15 thoughts on “This Blog Is So… Confusing!

    • Pierre “Sherlock” Lagace, my hero! I was told very little about any of this history growing up. After living on my own I felt alone but also was completely free. Years went by, I moved from apartment to apartment and never felt at home anywhere. In 2 of the factories I worked in some of the old french men ( I was 25 years old, they were 65 years old.) would look at me and whisper or speak French to each other but I didn’t know why. I thought I was half Italian, that’s a whole other story, are these French guys looking for trouble? One of the guys was a Dube, he passed away before we really talked. Looking back, after seeing these old pictures and how close our families were at one time, I don’t know why they didn’t welcome me as one of their own? Probably the difference in our ages at the time? If they had talked would I have listened? The internet, and Pierre “Sherlock” Lagace changed all that!

      • Dubés and Lagasses were so much related. That person had no idea you were probably related to him.
        People don’t have that much interest in genealogy and history. They are missing so much like who you really are in this world. You are not on top, just a little branch on a family tree… but an important one when you preserve the part for future generations.

        This is what you did and still do now by scanning all those worn negatives.

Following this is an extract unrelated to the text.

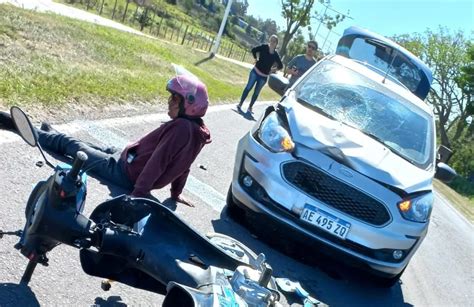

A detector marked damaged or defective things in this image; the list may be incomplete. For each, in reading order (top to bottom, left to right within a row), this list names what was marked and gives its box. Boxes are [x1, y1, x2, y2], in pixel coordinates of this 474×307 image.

shattered windshield [296, 59, 434, 168] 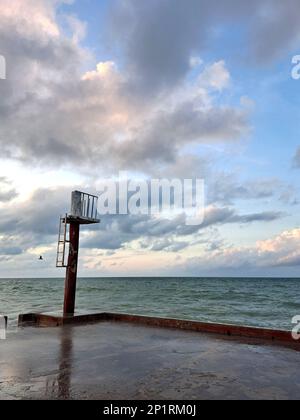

        Remember Dennis there is always Doctor Watson helping Sherlock Holmes. I would not have been able to do all this without your help.

  1. Last names spelled differently between even brothers and sisters. My own paternal grandmother’s given name was different depending on what document you were looking at. These are the names I found for her: Marie or Agnes or Louise or Albertine. Confusing indeed, but the fun to destroy those brick walls.

  2. Dennis…great well-deserved compliments to Pierre. Thanks to him I actually know that I even have relatives (somewhere out there). He is a super sleuth …. imagine what his genealogy files must look like:). I get confused with my little family tree, never mind everyone else’s! Great job Pierre…you are a hero to many.